Montag, 22. November 2010

Abstimmungssonntag 28.11.2010, meine Voten

Ausschaffungsinitiative und Gegenvorschlag
Mich stört an der Initiative vor allem der Stammtischton. Man spürt, dass ein paar Schweizer Mannen beim Bier zusammengesessen sind und beschlossen haben, "dem kriminellen Pack einmal den Garaus zu machen". Text auf Bierdedckel aufgesetzt, fertig! Die möglichen Delikte sind zufällig gewählt. Zum Beispiel sind Raser oder Finanzdelikte ausgeschlossen. Ein so schludrig aufgesetzter Text hat in der Verfassung, dem obersten und wichtigsten Dokument unseres Rechststaates, nichts zu suchen.

Der Gegenvorschlag demgegenüber ist wesentlich überlegter ausgearbeitet. Die Frage Ausschaffung oder nicht stellt sich nicht mit dem Delikt, sondern mit der Dauer der Haftstrafe.

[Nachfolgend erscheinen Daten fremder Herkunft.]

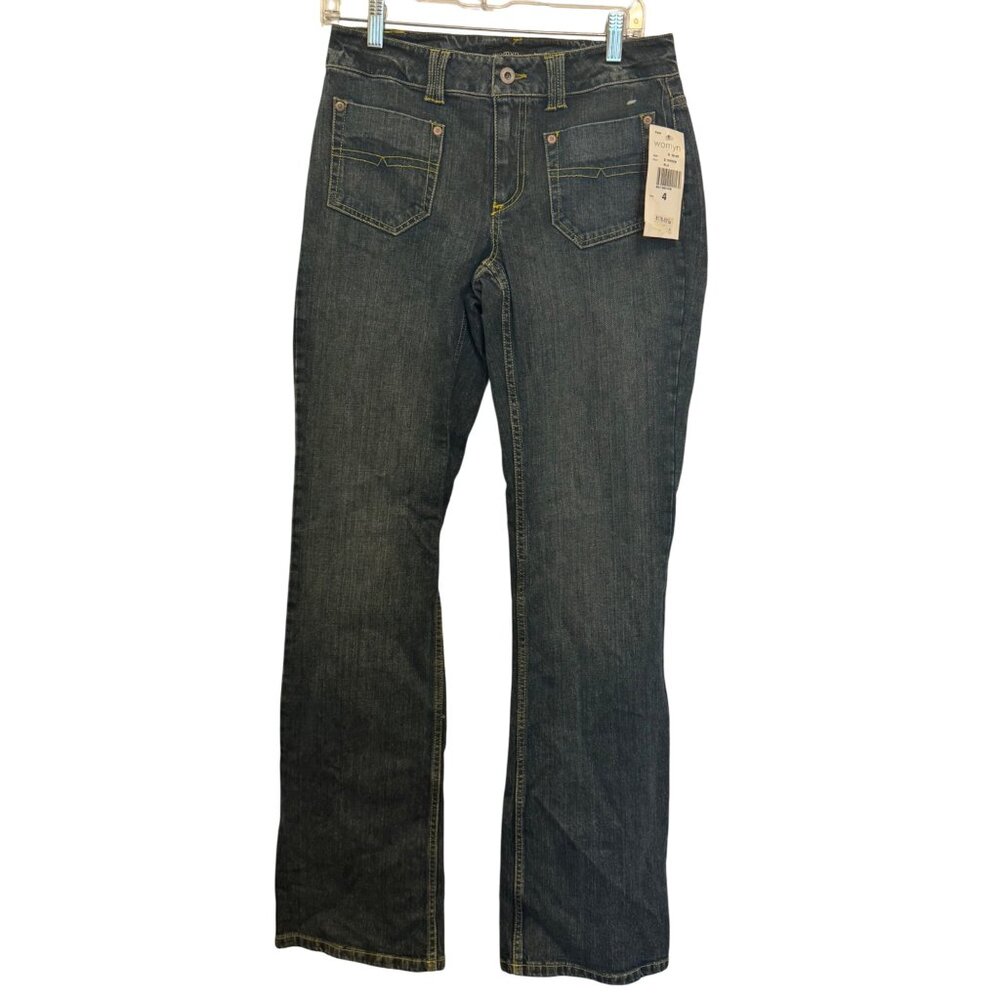 Womyn Coming & Going Denim Womens Size 4 Blue Cotton Blend Jeans Made In USA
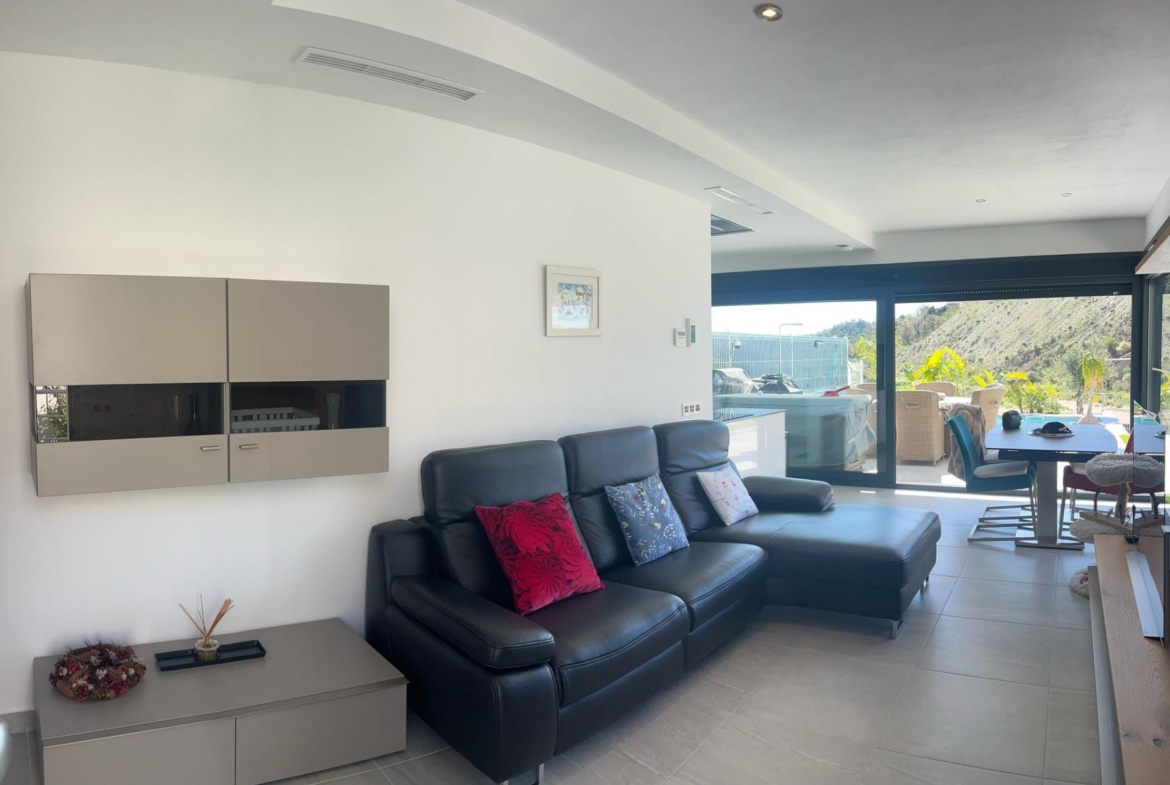 Superb House with Sea View and Private Pool in San Miguel de Salinas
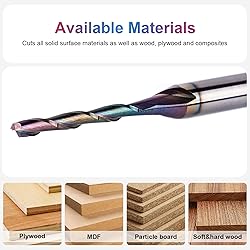 SpeTool Upcut Spiral Router Bit 1/8 Inch Cutting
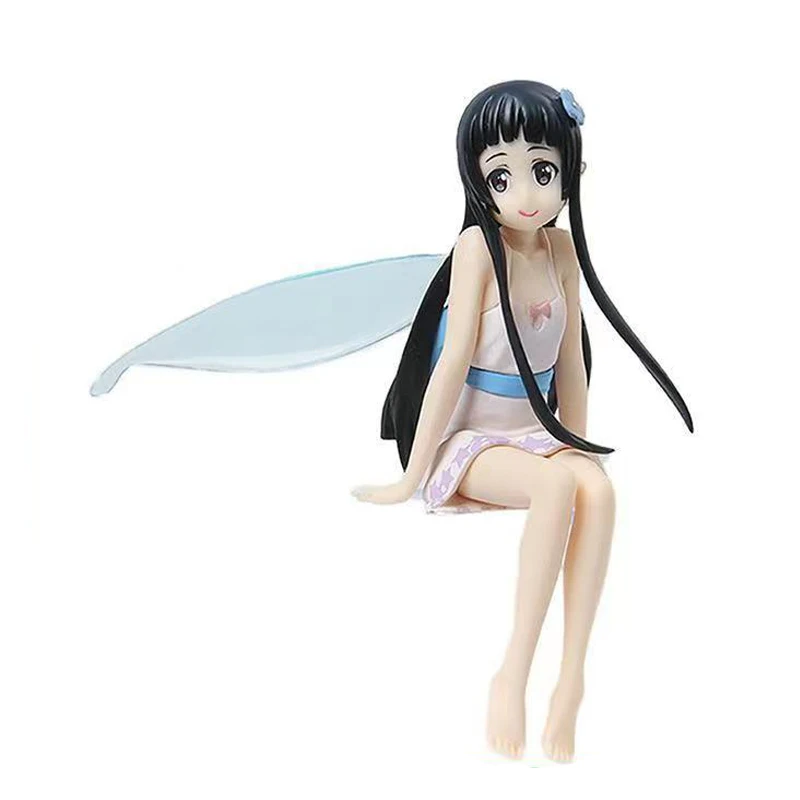 12CM Anime Sword Art Online SAO Yuuki Asuna Yui Kawaii Fairy Series PVC Figure Action Model Kids Toys Doll Fans Collection Gift images - 6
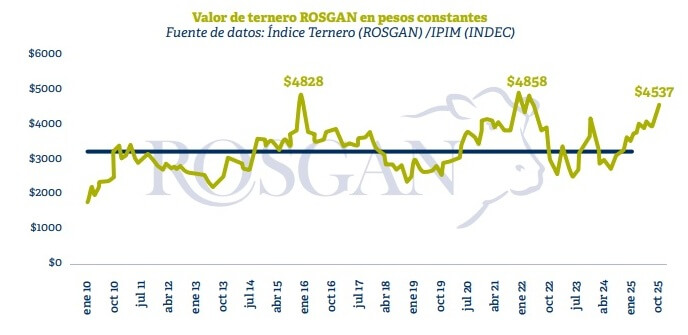Subas del 8%: en medio de la incertidumbre electoral, el ternero se consolida como refugio de valor 2 ros1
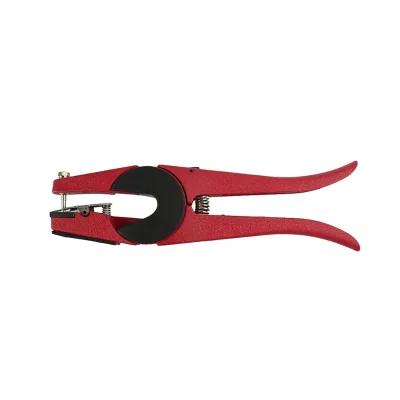 Durable Red Ear Tag Clamp for Farm and Breeding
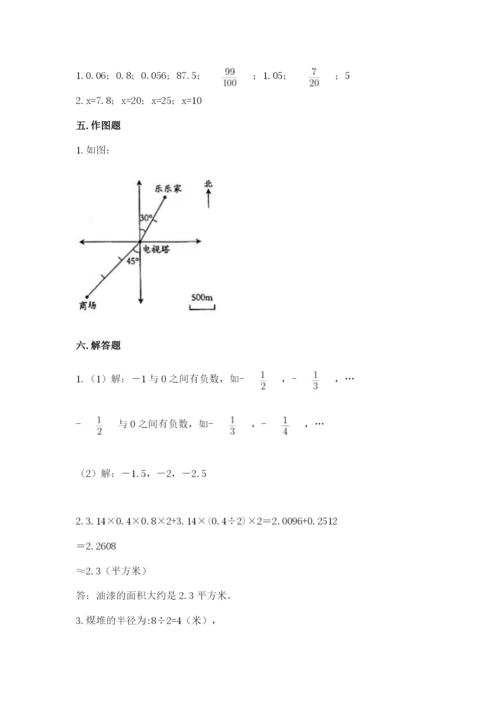 小升初数学期末测试卷（原创题）.docx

Also: wenn du  schon meinst, dass etwas gehen muss, dann stimme Nein zur Ausschaffungsinitiative und Ja zum Gegenvorschlag, Stichfrage natürlich Gegenvorschlag.

Mein persönliches Votum:  beide Anträge sind abzulehnen, Stichfrage ist mit "Gegenvorschlag" zu beantworten. Mit der heutigen Gesetzgebung können bereits Kriminelle ausgeschafft werden (und werden jährlich ca. 400 ausgeschafft!). Dies zu automatisieren bringt keine zusätzliche Sicherheit, sonder nur einen Haufen Probleme und Kosten.

Man darf eines nicht vergessen: es geht nicht um die Frage Ausschaffung oder Haftstrafe! Ein Ausschaffung geschieht immer nach Verbüssung einer Strafe. Das kommt teuer, wie bekannt ist.

Siehe auch Blogeintrag vom 18.10.2010


Steuerinitiative
Für die Steuerinititiatrive werde ich ein Ja einlegen.
Die Voten, dass auch er Mittelstand dann mehr Steuern zahlen müsse, ist schlicht an den Haaren herbeigezogen. Ganz klar, dass einige wenige sehr gut verdienende Leute tiefer in die Tasche greifen müssen (die geben jetzt Geld aus für Werbung gegen die Initiative); die zusätzlichen Einnahmen kommen der Allgemeinheit zu Gute, in Form von Aufträgen an die Wirtschaft (das bedeutet zusätzliche Arbeitsplätze, liebe Angstmacher!), in Form von Entlastungen für die niedrigeren Einkommen oder zum Schuldenabbau.